What to do:
In the data below, the answer is the run of lines from the line containing "Imagem de Rádio" through the line containing "vidaXL Katzenhaus Wei&szlig;", both included; print it exactly and nothing else.

Source material:
==============================
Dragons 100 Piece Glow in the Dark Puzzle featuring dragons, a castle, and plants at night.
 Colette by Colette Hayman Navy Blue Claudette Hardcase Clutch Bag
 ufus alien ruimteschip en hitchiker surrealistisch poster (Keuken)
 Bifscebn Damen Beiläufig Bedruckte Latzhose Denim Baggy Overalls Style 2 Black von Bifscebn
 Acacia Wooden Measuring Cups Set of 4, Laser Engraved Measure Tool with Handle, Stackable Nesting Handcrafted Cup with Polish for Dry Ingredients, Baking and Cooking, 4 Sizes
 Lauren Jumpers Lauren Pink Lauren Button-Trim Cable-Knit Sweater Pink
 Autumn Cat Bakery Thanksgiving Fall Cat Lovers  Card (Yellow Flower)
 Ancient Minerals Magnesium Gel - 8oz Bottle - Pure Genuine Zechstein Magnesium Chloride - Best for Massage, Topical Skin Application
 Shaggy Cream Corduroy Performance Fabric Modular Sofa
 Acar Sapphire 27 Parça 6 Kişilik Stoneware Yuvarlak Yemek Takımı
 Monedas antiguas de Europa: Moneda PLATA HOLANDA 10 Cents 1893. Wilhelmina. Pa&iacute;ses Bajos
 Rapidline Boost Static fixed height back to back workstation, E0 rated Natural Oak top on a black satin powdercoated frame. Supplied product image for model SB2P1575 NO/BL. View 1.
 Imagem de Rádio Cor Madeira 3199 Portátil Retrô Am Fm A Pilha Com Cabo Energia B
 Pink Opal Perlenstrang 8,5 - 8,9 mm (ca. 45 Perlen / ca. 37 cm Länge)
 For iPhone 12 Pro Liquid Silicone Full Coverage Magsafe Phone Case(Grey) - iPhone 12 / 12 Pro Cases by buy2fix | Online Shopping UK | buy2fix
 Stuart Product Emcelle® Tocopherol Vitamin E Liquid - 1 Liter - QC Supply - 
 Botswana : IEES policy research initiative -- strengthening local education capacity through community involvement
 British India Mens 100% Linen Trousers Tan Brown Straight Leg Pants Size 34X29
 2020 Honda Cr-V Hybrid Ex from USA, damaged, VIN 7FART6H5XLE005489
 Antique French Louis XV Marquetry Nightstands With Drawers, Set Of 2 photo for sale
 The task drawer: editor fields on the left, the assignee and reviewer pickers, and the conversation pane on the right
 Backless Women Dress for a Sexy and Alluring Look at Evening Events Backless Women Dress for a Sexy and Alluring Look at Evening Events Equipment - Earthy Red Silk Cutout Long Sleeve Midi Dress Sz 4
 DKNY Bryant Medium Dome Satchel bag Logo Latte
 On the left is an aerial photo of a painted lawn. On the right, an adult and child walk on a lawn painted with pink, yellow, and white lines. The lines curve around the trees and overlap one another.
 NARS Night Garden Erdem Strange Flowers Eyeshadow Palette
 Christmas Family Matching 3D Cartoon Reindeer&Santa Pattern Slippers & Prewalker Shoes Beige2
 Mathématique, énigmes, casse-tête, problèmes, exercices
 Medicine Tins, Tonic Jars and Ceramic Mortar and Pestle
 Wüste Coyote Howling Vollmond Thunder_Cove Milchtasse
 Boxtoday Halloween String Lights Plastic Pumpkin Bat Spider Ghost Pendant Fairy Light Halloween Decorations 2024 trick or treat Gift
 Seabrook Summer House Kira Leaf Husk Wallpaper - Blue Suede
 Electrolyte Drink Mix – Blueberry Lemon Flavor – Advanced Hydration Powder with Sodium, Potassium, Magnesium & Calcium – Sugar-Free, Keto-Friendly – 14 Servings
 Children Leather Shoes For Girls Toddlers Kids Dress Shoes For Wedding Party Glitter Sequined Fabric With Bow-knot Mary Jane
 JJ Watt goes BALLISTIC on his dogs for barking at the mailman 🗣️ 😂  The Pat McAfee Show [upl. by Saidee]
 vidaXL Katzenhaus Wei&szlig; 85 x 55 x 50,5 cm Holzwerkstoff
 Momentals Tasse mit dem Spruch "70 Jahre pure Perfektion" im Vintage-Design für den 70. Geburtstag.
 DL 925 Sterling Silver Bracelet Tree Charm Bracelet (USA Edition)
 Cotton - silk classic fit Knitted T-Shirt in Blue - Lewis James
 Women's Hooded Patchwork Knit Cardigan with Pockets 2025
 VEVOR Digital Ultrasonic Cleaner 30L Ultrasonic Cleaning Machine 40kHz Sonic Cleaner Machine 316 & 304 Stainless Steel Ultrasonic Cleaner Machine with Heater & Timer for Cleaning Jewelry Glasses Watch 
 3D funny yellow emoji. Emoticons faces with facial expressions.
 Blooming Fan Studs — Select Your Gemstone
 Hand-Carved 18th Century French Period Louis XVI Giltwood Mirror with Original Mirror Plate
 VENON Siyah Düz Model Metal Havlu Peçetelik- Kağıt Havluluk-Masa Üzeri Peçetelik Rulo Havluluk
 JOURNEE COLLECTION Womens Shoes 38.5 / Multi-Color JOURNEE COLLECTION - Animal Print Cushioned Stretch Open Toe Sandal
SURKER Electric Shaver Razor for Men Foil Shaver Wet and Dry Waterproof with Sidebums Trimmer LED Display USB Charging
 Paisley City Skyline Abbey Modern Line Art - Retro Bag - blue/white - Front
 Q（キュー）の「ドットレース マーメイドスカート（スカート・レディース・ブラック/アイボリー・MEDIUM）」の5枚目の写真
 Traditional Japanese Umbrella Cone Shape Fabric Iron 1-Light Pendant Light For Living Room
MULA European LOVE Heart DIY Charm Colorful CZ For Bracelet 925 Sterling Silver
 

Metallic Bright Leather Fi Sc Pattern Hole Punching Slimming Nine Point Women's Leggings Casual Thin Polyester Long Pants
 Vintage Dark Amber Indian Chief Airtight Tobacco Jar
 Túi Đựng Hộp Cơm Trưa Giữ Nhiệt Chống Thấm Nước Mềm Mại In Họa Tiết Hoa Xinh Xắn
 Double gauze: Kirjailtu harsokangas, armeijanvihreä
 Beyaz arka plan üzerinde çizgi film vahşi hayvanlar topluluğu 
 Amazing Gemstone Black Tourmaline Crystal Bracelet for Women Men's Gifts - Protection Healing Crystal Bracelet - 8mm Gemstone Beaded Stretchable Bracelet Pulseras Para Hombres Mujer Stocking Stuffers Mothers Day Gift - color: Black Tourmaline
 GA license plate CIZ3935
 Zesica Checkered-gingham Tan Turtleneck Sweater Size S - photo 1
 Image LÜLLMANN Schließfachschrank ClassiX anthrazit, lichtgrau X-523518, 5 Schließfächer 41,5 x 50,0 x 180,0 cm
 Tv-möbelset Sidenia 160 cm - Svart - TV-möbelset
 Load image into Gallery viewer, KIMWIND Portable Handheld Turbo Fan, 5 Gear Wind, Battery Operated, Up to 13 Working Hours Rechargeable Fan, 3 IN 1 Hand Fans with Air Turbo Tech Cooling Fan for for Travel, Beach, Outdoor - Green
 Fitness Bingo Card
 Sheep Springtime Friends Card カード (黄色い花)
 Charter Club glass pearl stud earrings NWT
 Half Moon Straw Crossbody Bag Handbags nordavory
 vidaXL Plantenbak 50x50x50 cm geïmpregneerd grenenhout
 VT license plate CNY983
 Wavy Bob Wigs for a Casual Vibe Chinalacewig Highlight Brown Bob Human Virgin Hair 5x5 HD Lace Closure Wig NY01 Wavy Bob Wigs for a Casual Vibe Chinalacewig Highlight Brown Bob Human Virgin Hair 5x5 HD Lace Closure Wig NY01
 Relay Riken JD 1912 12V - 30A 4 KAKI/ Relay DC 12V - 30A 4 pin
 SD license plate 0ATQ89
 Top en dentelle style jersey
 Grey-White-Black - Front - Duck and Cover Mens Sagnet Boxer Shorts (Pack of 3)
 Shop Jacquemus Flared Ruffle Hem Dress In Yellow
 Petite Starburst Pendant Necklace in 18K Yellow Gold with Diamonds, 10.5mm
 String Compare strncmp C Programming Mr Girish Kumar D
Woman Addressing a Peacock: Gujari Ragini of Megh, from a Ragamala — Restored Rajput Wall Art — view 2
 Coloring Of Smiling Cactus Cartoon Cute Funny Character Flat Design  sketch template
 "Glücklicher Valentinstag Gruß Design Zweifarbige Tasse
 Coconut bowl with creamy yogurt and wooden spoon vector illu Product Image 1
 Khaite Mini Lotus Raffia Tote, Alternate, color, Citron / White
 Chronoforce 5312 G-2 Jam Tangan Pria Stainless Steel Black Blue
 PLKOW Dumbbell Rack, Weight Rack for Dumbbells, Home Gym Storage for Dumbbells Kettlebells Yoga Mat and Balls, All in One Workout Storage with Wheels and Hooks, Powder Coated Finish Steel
==============================
Solution to this exercise:
 Imagem de Rádio Cor Madeira 3199 Portátil Retrô Am Fm A Pilha Com Cabo Energia B
 Pink Opal Perlenstrang 8,5 - 8,9 mm (ca. 45 Perlen / ca. 37 cm Länge)
 For iPhone 12 Pro Liquid Silicone Full Coverage Magsafe Phone Case(Grey) - iPhone 12 / 12 Pro Cases by buy2fix | Online Shopping UK | buy2fix
 Stuart Product Emcelle® Tocopherol Vitamin E Liquid - 1 Liter - QC Supply - 
 Botswana : IEES policy research initiative -- strengthening local education capacity through community involvement
 British India Mens 100% Linen Trousers Tan Brown Straight Leg Pants Size 34X29
 2020 Honda Cr-V Hybrid Ex from USA, damaged, VIN 7FART6H5XLE005489
 Antique French Louis XV Marquetry Nightstands With Drawers, Set Of 2 photo for sale
 The task drawer: editor fields on the left, the assignee and reviewer pickers, and the conversation pane on the right
 Backless Women Dress for a Sexy and Alluring Look at Evening Events Backless Women Dress for a Sexy and Alluring Look at Evening Events Equipment - Earthy Red Silk Cutout Long Sleeve Midi Dress Sz 4
 DKNY Bryant Medium Dome Satchel bag Logo Latte
 On the left is an aerial photo of a painted lawn. On the right, an adult and child walk on a lawn painted with pink, yellow, and white lines. The lines curve around the trees and overlap one another.
 NARS Night Garden Erdem Strange Flowers Eyeshadow Palette
 Christmas Family Matching 3D Cartoon Reindeer&Santa Pattern Slippers & Prewalker Shoes Beige2
 Mathématique, énigmes, casse-tête, problèmes, exercices
 Medicine Tins, Tonic Jars and Ceramic Mortar and Pestle
 Wüste Coyote Howling Vollmond Thunder_Cove Milchtasse
 Boxtoday Halloween String Lights Plastic Pumpkin Bat Spider Ghost Pendant Fairy Light Halloween Decorations 2024 trick or treat Gift
 Seabrook Summer House Kira Leaf Husk Wallpaper - Blue Suede
 Electrolyte Drink Mix – Blueberry Lemon Flavor – Advanced Hydration Powder with Sodium, Potassium, Magnesium & Calcium – Sugar-Free, Keto-Friendly – 14 Servings
 Children Leather Shoes For Girls Toddlers Kids Dress Shoes For Wedding Party Glitter Sequined Fabric With Bow-knot Mary Jane
 JJ Watt goes BALLISTIC on his dogs for barking at the mailman 🗣️ 😂  The Pat McAfee Show [upl. by Saidee]
 vidaXL Katzenhaus Wei&szlig; 85 x 55 x 50,5 cm Holzwerkstoff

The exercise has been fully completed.